Um homem condenado em primeira instância a 18 anos e 8 meses de prisão por estupro de uma sobrinha de 8 anos foi beneficiado por decisão da 12ª Câmara de Direito Criminal do Tribunal de Justiça de São Paulo na última quarta-feira (04) que descaracterizou o crime de estupro para “importunação sexual”.
O desembargador e relator do caso João Morenghi considerou irrelevante o fato de a vítima ter menos de 14 anos de idade, e estabeleceu a pena em um ano, quatro meses e 10 dias, podendo assim ser substituída por prestação de serviços à comunidade.
Por duas vezes, o tio colocou-a sentada em seu colo e esfregou acintosamente o genital no corpo dela. Em 2018, novamente sozinho com a criança, apertou os seios dela. Desta fez, porém, ela contou para a avó e, depois, para a mãe. Para a avó da criança o acusado disse ser apenas uma brincadeira.
Na Justiça, ele afirmou que os parentes queriam causar a separação dele e de sua esposa. Após ter revelado o abuso, a menina afirmou ter medo de que o tio quisesse se vingar de sua mãe.
“Parece claro que, ao aludir a outros atos libidinosos alternativamente à conjunção carnal, o legislador não visou qualquer conduta movida pela concupiscência [desejo por prazeres sexuais], mas apenas aquelas equiparáveis ao sexo vaginal. E os atos praticados pelo apelante — fazer a vítima se sentar em seu colo e movimentá-la para cima a fim de se esfregar nela e apertar os seus seios — por óbvio, não possuem tal gravidade”, afirmou o desembargador.
No recurso apresentado ao Tribunal de Justiça, a defesa do tio estuprador afirmou não ser recomendável que “condutas mais singelas”, embora ainda reprováveis, tenham o mesmo tratamento penal e jurídica “de conjunção carnal, sexo oral e sexo anal”.

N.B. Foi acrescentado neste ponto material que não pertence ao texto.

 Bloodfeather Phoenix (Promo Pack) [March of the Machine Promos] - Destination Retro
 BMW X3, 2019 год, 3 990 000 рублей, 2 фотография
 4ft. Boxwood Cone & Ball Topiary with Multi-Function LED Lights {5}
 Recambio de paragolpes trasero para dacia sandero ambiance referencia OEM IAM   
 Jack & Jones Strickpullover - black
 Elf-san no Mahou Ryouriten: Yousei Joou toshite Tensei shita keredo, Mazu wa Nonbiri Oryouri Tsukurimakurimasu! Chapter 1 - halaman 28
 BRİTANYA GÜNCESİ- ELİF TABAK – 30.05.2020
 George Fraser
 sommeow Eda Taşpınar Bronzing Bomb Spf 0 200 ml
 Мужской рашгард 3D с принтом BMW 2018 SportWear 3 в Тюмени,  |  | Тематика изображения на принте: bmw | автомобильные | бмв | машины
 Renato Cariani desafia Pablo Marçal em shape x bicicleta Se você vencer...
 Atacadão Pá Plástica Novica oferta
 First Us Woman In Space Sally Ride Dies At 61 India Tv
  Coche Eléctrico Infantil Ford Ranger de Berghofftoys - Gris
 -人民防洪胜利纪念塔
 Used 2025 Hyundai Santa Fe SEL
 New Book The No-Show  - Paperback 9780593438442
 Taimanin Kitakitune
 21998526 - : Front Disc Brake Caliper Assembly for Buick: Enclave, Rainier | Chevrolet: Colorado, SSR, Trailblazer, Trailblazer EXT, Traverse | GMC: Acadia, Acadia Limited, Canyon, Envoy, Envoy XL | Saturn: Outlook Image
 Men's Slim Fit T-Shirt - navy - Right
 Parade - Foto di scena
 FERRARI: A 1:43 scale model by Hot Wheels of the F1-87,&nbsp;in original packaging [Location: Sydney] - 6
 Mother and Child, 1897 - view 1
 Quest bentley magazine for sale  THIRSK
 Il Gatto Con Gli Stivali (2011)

No acórdão, o desembargador Morenghi afirma que é preciso aplicar o princípio de proporcionalidade e reservar a pena mais grave, do crime de estupro, com pena mínima de 6 anos de prisão, para quando ocorre conjunção carnal, ou seja, penetração.
Cita ainda jurista que, antes da Lei 12.015/2009, classificou “amassos”, “toques nas regiões pudentas”e “apalpadelas” como “atos libidinosos”.
Com a lei 2.015, a Justiça passou a entender que todo ato libidinoso com menores de 14 anos configura estupro de vulnerável, previsto no artigo 217-A do Código Penal. O Superior Tribunal de Justiça reforçou o entendimento e acrescentou ainda que é irrelevante eventual consentimento da vítima ou experiência sexual anterior, já que muitos homens usavam tais argumentos para escapar da pena de estupro de vulnerável.
Para a promotora e integrante do Ministério Público Democrático, Fabíola Sucasas, a decisão da 12ª Câmara de Direito Criminal do TJ-SP desconsidera a jurisprudência e o avanço nas leis de proteção a menores de 14 anos e a lei é muito clara no sentido de incluir qualquer ato libidinoso, não apenas conjunção carnal.
“Não podemos fazer essas ginásticas, que inventam teses como legítima defesa da honra, estupro culposo, ou mesmo a tal importunação sexual de vulnerável, instrumentos de silenciamento de nossos direitos. Lamentável a decisão, que retrata a necessidade de exigirmos uma mudança radical no pensamento machista brasileiro”, afirmou.